And instead of real war, all we get now is a pretend and contrived mini-wars , a long list of ‘reality’ based competitive style programmes where there can only be one winner of course – from baking to dancing , even marriages and stuff that is closer to porn on mainstream media. I think that even Thatcher was not too impressed when she let the privateers in. And then there are the cop programmes, then the reality cop programmes.
Again, it goes back to some basic concepts about what we know about human behaviour – this element of having to protect against ourselves, that there is no recognition of human fallibility (to exploit and be exploited) at all except to make the sick and the poor, the elderly, fallibilities.
And that is some sick sort of society, let me tell you.
As I keep saying, we need to care. For 45 years we have been taught indifference and even contempt.
It was a tad unfortunate that the BBC had Kelvin Mackenzie on to talk about standards in broadcasting!
Alas, the correlation between quality democracies and a free press is demonstrably the case, as is a general reduction in press freedom as totalitarianism, of various degrees and forms, increases.
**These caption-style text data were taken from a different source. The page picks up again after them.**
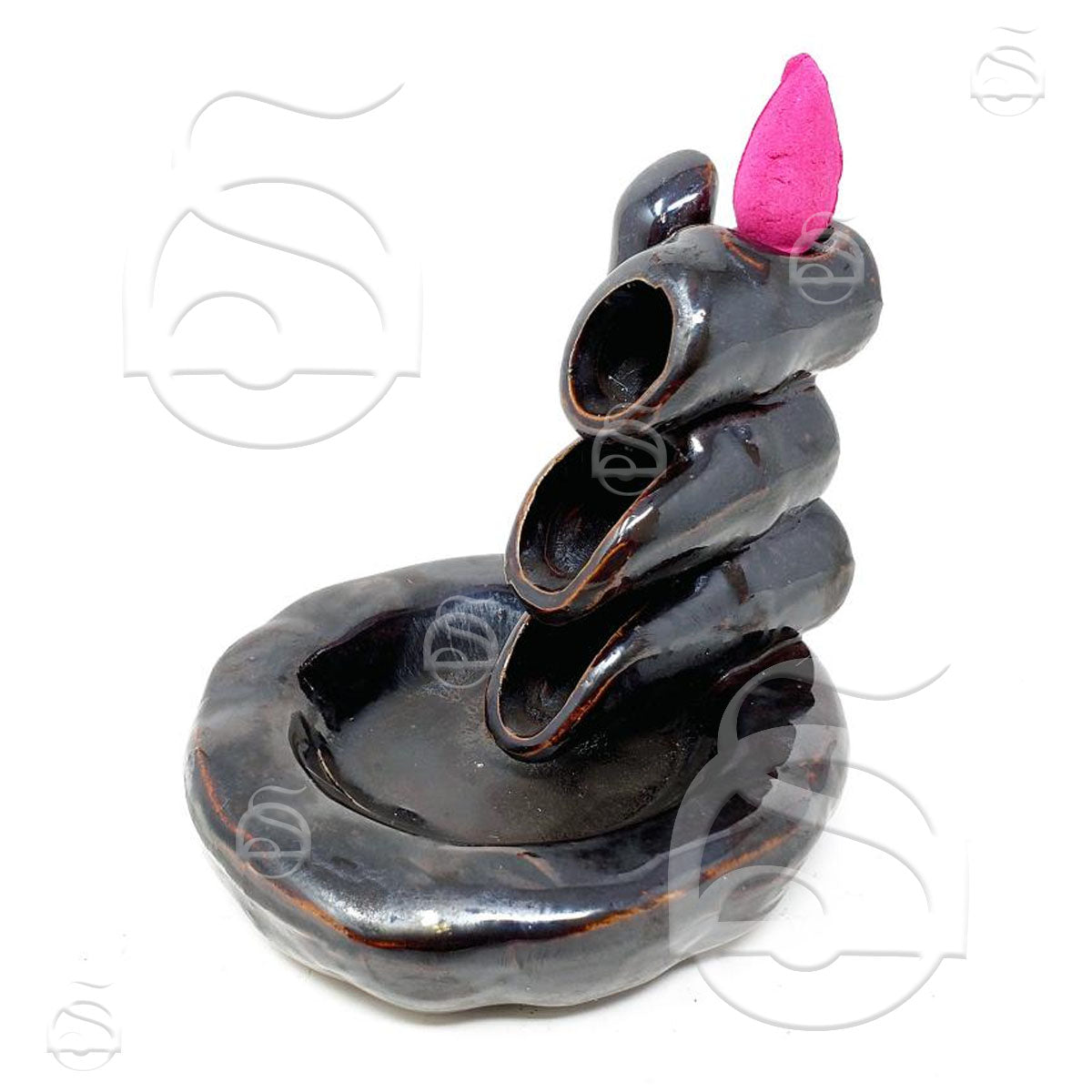 Backflow Incense Burner - Bamboo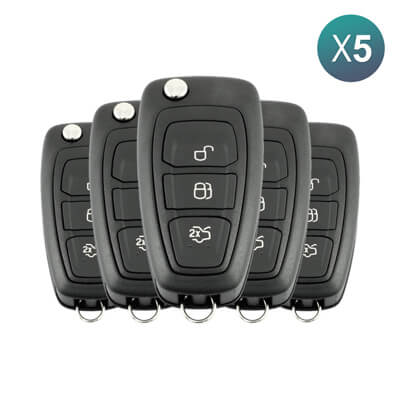 Ford Focus, Mondeo, C-Max 2010+ Télécommande Pliable, 3Boutons 2180803 1743826 434MHz, 5WK49986, HU101 5 pièces Lot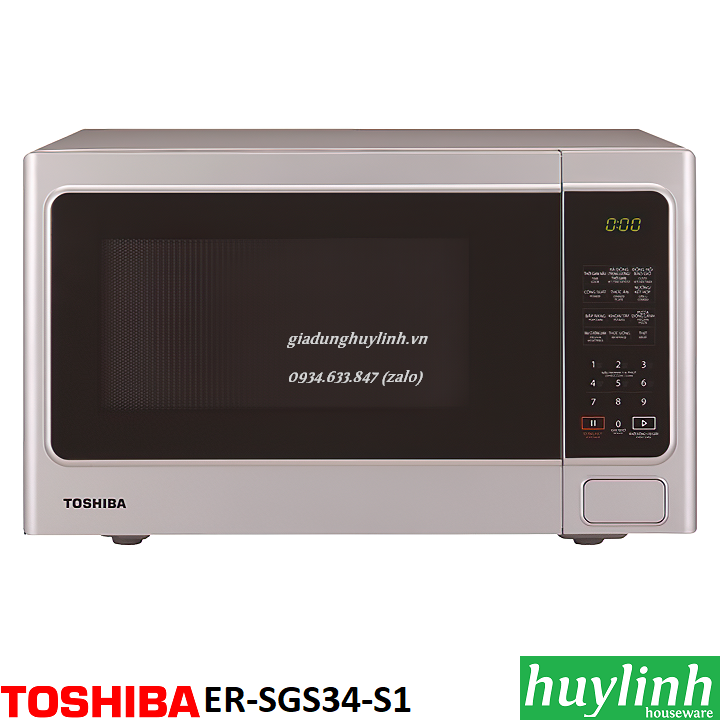 Lò vi sóng có nướng Toshiba ER-SGS34-S1-VN - 34 lít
https://www.google.com/search?q=correlation+between+the+most+democratic+countries+and+the+freedom+of+their+presses&oq=correlation+between+the+most+democratic+countries+and+the+freedom+of+their+presses&gs_lcrp=EgZjaHJvb
“Liberty depends upon the freedom of the press and that cannot be limited without being lost.”
(From Thomas Jefferson)
“Press freedom means the right to tell people what they do not wish to hear,”
(From George Orwell)
Hah! For me, like a lot of informed Scots it was the MSM coverage of the Yes campaign, in the lead-up to the 2014 referendum.
Nick Robinson: “.. answer came there none”.
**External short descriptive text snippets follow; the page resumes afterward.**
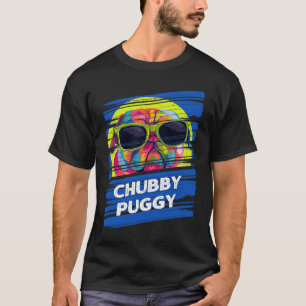 Dicke Puggy Pug Humor Holländische Bulldogge Tier T-Shirt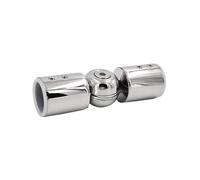 Conector De Esquina Para Barra De Cortina Conector de tubo de ducha de acero inoxidable 304, diámetro interior de 25mm, accesorios de barra de tracción redonda for baño(Silver)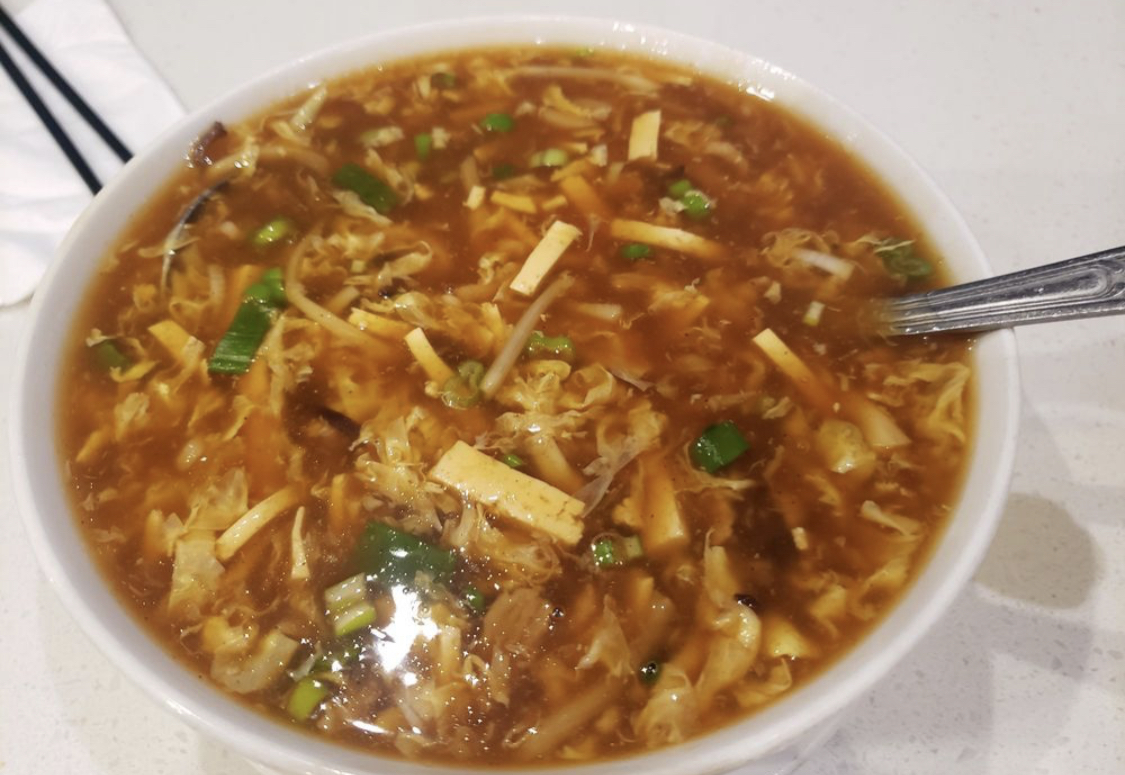 Order 13. Hot and Sour Soup food online from Jiang Nan Spring store, Alhambra on bringmethat.com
The Scottish contributions to the tv tax-take took a nose-dive that year!
I am not surprised tbh.
I have gone from being an avid news reader eg DT, Guardian, Spectator, Economist, NYT, FT to an occaisional one.
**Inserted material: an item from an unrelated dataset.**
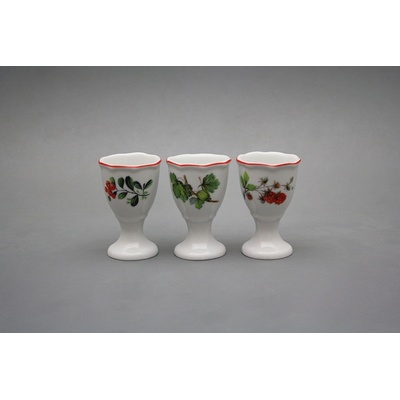 Bohemia Porcelán 1987 Kalíšek na vejce Rokoko Lesní plody – Zboží Dáma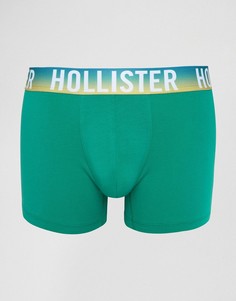Боксеры-брифы с контрастным поясом Hollister - Зеленый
On broadcasters I struggle now to listen to any of the main ones. Used to watch panorama, question time, file on 4. Very rarely watch anything now. Quality and Trust have been damaged imo.
Social Media is now a big part of my news along with email newsletters and some specialists like GP online and substack.
I think mainstream news media is finished. I think many young people ie under 40 don’t bother with it at all.